__Task description__
A faithful copy of the data is the goal; set it down exactly, without the images.

__Supplied entries__
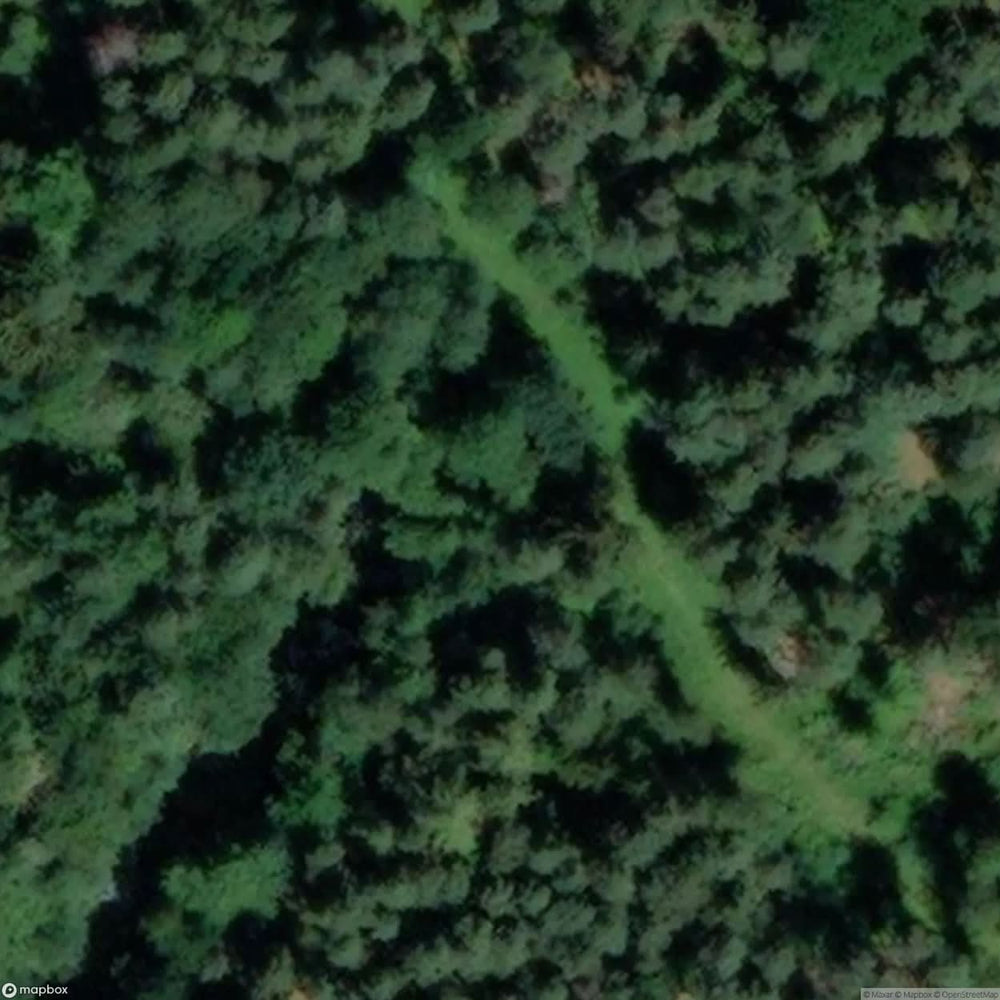 Remains Of Wehrmacht Shooting Range [DEU] #15217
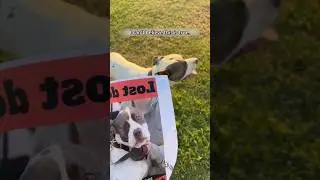 A sad story ,but with a happy ending 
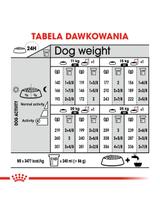 ROYAL CANIN CCN Medium Sterilised 12kg karma sucha dla psów dorosłych, ras średnich, sterylizowanych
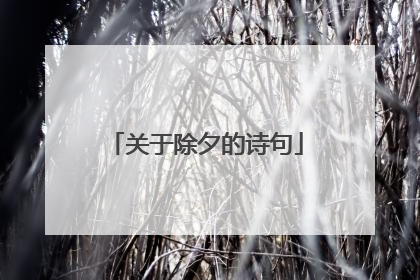 关于除夕的诗句
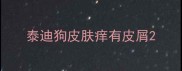 泰迪狗皮肤痒有皮屑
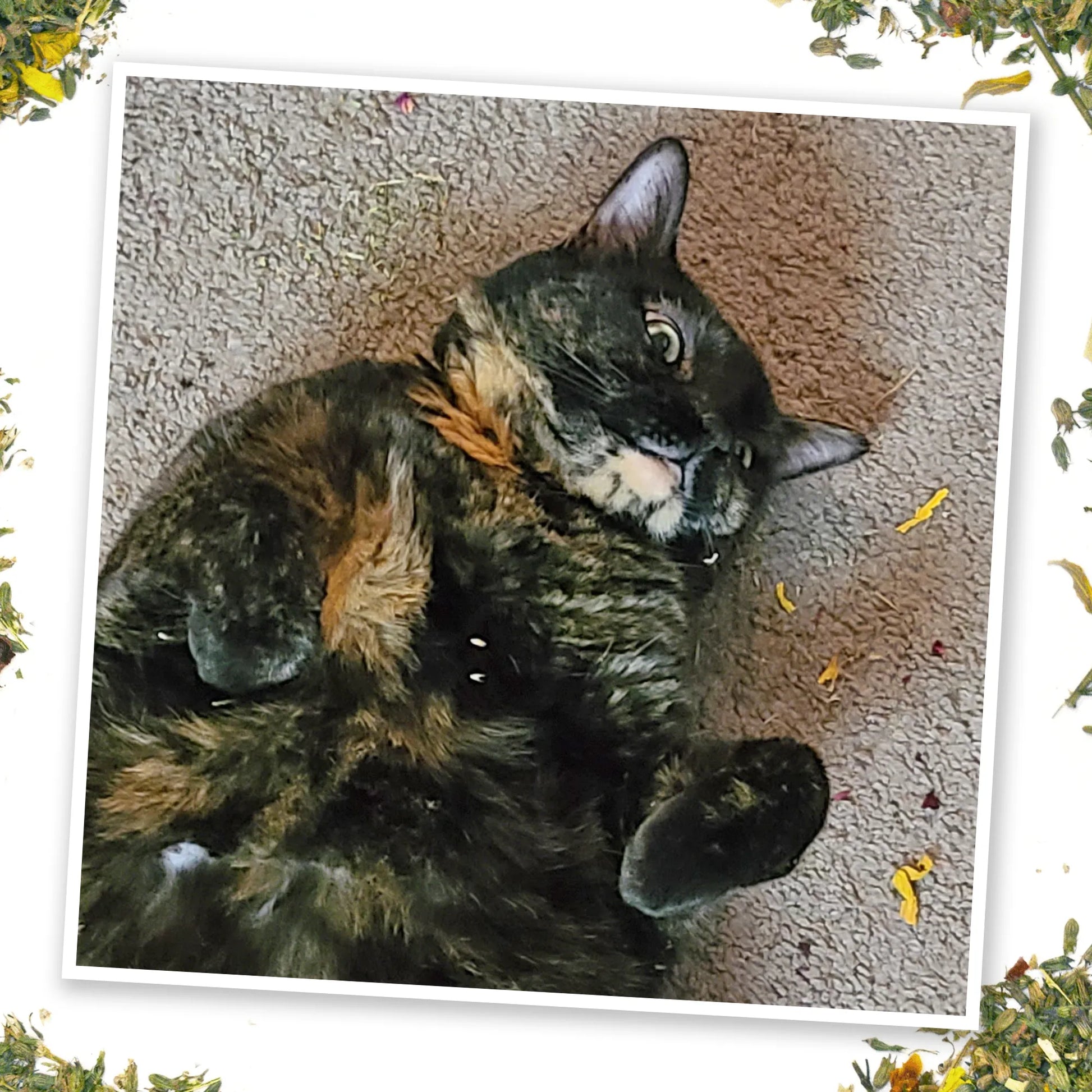 Tortoiseshell cat lying on carpet, enjoying scattered Harvest Moon catnip, appearing relaxed and content.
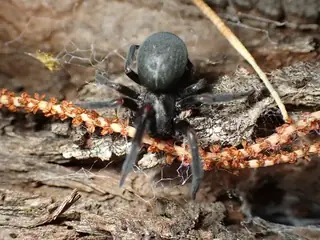 Black house spider (Badumna insignis), photo 2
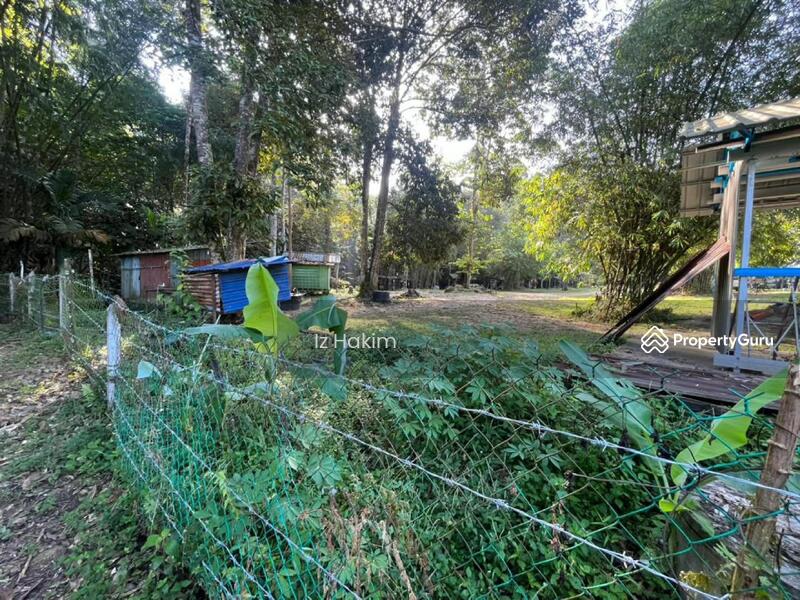 For Sale - Tanah dan Campsite Batang Kali Selangor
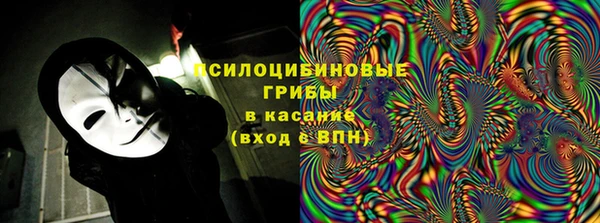 молекула духа Козельск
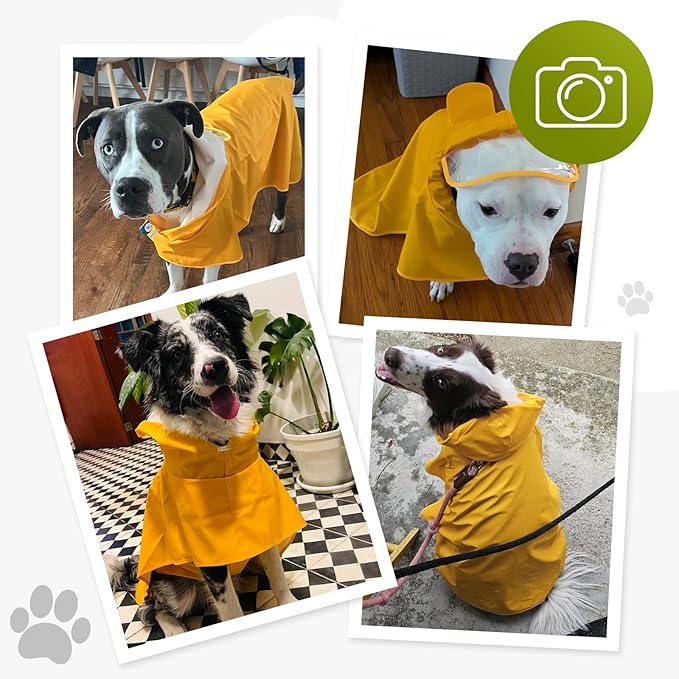 Dog Raincoat, Waterproof Windproof Dog Rain Jacket with Hood, Rain Coat with Leash Hole, Adjustable Raincoat Poncho for Small Medium Large Dogs Outdoor (Neon Yellow, Medium)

__Solution__
 Remains Of Wehrmacht Shooting Range [DEU] #15217
 A sad story ,but with a happy ending 
 ROYAL CANIN CCN Medium Sterilised 12kg karma sucha dla psów dorosłych, ras średnich, sterylizowanych
 关于除夕的诗句
 泰迪狗皮肤痒有皮屑
 Tortoiseshell cat lying on carpet, enjoying scattered Harvest Moon catnip, appearing relaxed and content.
 Black house spider (Badumna insignis), photo 2
 For Sale - Tanah dan Campsite Batang Kali Selangor
 молекула духа Козельск
 Dog Raincoat, Waterproof Windproof Dog Rain Jacket with Hood, Rain Coat with Leash Hole, Adjustable Raincoat Poncho for Small Medium Large Dogs Outdoor (Neon Yellow, Medium)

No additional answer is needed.